In Abia state for instance, the agitation for the creation of Aba state grows louder and considering the way the region has been treated in Abia state, one cannot but understand the justness of their aspiration. At the same time, one is painfully aware that state creation in Abia will only give rise to new minorities in Abia and Aba states that will see a state of their own as the solution. The question is, when Nigeria will stop solving problems that are rooted in bad undemocratic and corrupt government with creating more states. Recently Abia state expelled none indigenes from its civil service there by undertaking a form of ethnic cleansing. Those who see Biafra as the solution do not seem to understand how injustices like this can undermine the unity of the people on which the future of any independent Igbo land depends. The reality in Nigeria is that no region is ethnically homogeneous. The differences between Obosi and Onitsha are as deep rooted as that between Sunni and Shia Muslims, Hausa-Fulani and Kuramas or Ife and Modekeke. Every state in Igbo land has its minority who are marginalised and this will not simply stop with the creation of Biafra.

Those who believe that the future of Igbo land rests with Biafra should remember that Ojukwu was not buried with Biafra flag and consider the political implication and ramifications of the fact that Ojukwu was buried with Nigerian flag as a Nigerian soldier. Ojukwu was not buried as a Biafran soldier. It was not Biafran Soldiers that carried his casket. If he felt that the future of Igbos lies in Biafra he would have said so. Even then, Igbos are not obliged to do whatever Ojukwu said. Igbo leaders need to look at the current state of Nigeria and come out with an intelligent and just option for Igbos that addresses the main problems in the region. Igbos must realise that we cannot have it both ways. We cannot belong to Nigeria and at the same time belong to Biafra. It is either we focus on achieving independence for Biafra through democratic means by using the existing political structure in Nigeria or fight for our place and dignity in a united and democratic Nigeria where the rule of law, justice and social equality of all. What Igbo leaders should have been doing now is using the existing imperfect structure in Nigeria to fight for justice for victims of Boko Haram atrocities by holding the government that is supposed to guarantee their safety accountable through the Courts.

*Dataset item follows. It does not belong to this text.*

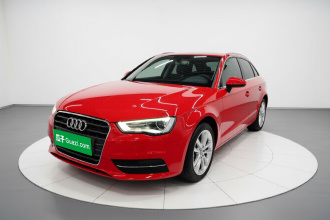 奥迪A3 2015款 Sportback 35 TFSI 百万纪念舒享型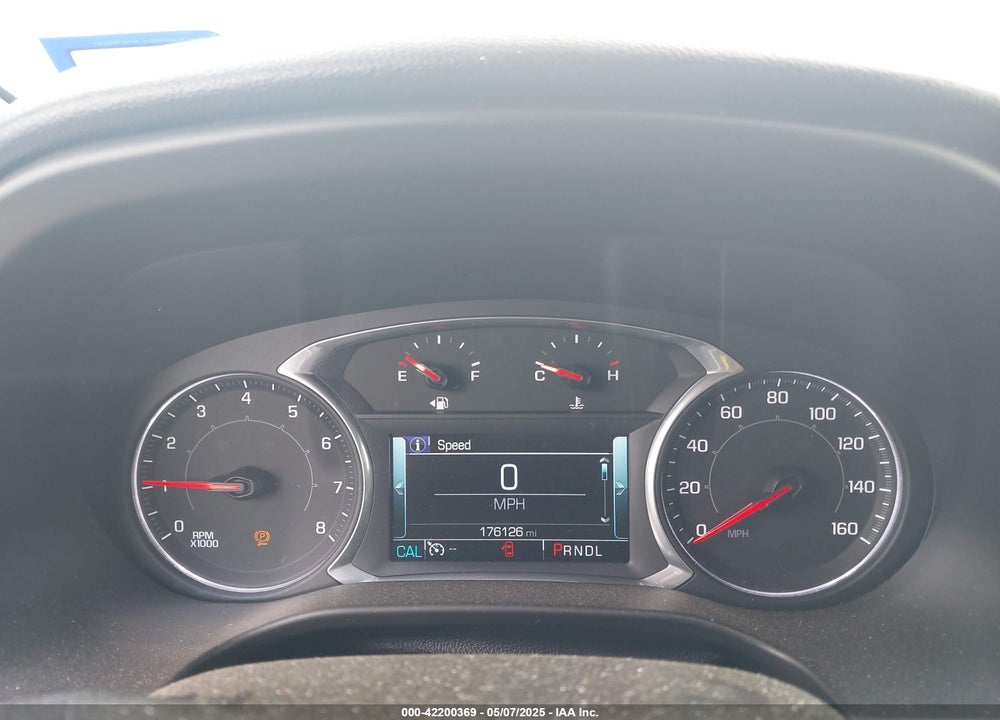 2018 GMC ACADIA VIN: 1GKKNMLS5JZ125320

Instead of providing honest and sensitive leadership that puts the needs of the people at the centre; many Igbo leaders have kept quiet about the suffering of Igbos in north Nigeria because they nurse a political ambition which they think would be damaged if they speak out about the injustice against Igbos. The general impression in Nigeria is that Igbo leaders are for sale. In Abuja, Igbo politicians are often ridiculed because of their tendency to change their beliefs and position when induced with money. Many of the leaders move from one political party to another without evidence of political conviction simply because they believe that it would enable them achieve their personal ambition. They do not care about the long term damage their conduct does to their ability to represent the interest of Igbos in Nigeria. This is the Igbo problem; the tendency of Igbo leaders to put personal profit over and above public good. No one but Igbos can solve the Igbo problems. It is time to tell ourselves the bitter truth so that recovery journey can begin. I rest my case on Biafra.

E O Eke is qualified in medicine. At various times he has been a General medical practitioner, Medical missionary, Medical Director and senior medical officer of health in Nigeria. He specializes in child, Adolescent and adult psychiatry and lives in England with his family. His interest is in health, religion philosophy and politics. He cares for body and mind.